ABOUT THIS TASK
Give again, word for word, every line in the entries below from the line with "Muubs - Bowl" up to and including the line with "SEMICONDUCTOR DEVICE, RAMP", and no other line.

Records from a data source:
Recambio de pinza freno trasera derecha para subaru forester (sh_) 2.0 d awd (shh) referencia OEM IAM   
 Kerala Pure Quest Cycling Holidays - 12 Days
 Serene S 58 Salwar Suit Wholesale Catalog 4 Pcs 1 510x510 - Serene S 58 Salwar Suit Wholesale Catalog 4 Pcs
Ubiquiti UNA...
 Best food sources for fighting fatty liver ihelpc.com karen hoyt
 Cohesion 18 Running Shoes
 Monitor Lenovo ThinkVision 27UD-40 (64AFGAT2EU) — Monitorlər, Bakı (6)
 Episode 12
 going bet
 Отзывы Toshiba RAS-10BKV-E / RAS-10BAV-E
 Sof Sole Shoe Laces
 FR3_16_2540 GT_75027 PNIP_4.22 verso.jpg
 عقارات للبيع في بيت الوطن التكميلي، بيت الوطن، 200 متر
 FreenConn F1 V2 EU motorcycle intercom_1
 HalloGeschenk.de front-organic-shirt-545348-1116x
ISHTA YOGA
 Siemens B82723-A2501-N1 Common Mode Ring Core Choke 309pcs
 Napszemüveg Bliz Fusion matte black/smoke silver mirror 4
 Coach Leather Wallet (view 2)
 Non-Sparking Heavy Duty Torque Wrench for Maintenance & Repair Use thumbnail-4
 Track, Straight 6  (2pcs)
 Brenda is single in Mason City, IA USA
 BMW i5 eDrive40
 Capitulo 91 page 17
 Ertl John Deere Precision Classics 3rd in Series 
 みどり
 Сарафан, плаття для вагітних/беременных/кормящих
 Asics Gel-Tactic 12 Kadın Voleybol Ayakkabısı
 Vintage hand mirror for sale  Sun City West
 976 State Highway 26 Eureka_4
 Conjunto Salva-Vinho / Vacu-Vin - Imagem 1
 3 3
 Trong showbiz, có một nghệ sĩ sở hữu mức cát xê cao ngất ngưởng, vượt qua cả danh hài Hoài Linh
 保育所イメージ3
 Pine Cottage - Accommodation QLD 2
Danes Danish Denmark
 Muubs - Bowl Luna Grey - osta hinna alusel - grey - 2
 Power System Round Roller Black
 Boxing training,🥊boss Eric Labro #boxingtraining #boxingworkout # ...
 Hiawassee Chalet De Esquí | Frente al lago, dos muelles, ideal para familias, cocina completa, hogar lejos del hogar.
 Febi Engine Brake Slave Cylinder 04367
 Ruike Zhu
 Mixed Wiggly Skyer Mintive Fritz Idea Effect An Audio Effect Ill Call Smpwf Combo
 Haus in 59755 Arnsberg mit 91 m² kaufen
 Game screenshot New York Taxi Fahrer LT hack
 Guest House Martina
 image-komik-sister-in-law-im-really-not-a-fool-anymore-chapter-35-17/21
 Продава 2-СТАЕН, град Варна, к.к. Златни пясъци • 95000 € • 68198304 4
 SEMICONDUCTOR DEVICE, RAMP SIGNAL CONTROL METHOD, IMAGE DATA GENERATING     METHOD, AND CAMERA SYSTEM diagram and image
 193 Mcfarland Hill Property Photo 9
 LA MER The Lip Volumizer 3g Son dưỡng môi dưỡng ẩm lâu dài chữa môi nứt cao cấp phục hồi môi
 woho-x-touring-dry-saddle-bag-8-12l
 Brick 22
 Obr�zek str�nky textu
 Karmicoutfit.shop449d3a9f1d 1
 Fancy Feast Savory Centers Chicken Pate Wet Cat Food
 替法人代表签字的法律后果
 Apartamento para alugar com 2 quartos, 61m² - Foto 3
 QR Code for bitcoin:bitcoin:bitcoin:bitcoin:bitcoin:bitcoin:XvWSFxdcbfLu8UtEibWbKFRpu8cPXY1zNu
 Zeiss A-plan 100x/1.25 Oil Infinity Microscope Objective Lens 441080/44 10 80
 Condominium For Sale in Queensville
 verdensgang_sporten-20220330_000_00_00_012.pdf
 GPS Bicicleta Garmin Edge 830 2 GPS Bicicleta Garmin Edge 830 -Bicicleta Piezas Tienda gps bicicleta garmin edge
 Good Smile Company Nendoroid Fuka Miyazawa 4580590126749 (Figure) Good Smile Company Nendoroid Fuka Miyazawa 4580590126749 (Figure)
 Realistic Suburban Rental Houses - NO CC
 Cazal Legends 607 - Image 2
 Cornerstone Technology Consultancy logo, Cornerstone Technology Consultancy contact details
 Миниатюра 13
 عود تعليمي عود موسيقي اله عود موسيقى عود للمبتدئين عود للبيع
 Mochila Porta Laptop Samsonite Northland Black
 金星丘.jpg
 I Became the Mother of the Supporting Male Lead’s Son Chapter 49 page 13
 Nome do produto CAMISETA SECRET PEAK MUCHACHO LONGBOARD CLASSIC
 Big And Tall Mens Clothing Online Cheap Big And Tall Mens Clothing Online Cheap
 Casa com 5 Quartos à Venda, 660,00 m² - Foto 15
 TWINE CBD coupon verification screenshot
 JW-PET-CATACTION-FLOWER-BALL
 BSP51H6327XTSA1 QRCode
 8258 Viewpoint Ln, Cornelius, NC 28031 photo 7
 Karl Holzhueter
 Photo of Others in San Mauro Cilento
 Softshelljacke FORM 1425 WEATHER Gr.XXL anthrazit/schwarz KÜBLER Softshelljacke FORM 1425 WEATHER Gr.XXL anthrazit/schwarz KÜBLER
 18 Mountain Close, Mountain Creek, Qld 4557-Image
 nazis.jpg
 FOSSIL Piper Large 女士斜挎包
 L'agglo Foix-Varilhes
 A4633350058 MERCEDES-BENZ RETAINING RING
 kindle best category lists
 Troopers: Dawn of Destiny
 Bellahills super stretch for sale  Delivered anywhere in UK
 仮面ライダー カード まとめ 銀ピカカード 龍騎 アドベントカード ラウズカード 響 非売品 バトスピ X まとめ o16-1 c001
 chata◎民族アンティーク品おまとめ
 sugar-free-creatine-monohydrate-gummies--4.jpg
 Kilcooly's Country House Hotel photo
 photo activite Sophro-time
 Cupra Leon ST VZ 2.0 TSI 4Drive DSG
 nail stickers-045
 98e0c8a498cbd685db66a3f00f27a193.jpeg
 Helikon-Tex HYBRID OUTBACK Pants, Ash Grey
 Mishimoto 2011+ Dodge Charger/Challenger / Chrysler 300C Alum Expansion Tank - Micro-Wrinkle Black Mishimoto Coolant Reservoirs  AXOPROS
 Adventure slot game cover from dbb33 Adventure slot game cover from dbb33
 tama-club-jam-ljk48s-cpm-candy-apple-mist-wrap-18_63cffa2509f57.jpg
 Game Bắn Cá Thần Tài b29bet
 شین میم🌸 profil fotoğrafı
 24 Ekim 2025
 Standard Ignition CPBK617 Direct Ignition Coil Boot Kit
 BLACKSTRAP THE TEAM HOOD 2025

ANSWER BELOW
 Muubs - Bowl Luna Grey - osta hinna alusel - grey - 2
 Power System Round Roller Black
 Boxing training,🥊boss Eric Labro #boxingtraining #boxingworkout # ...
 Hiawassee Chalet De Esquí | Frente al lago, dos muelles, ideal para familias, cocina completa, hogar lejos del hogar.
 Febi Engine Brake Slave Cylinder 04367
 Ruike Zhu
 Mixed Wiggly Skyer Mintive Fritz Idea Effect An Audio Effect Ill Call Smpwf Combo
 Haus in 59755 Arnsberg mit 91 m² kaufen
 Game screenshot New York Taxi Fahrer LT hack
 Guest House Martina
 image-komik-sister-in-law-im-really-not-a-fool-anymore-chapter-35-17/21
 Продава 2-СТАЕН, град Варна, к.к. Златни пясъци • 95000 € • 68198304 4
 SEMICONDUCTOR DEVICE, RAMP SIGNAL CONTROL METHOD, IMAGE DATA GENERATING     METHOD, AND CAMERA SYSTEM diagram and image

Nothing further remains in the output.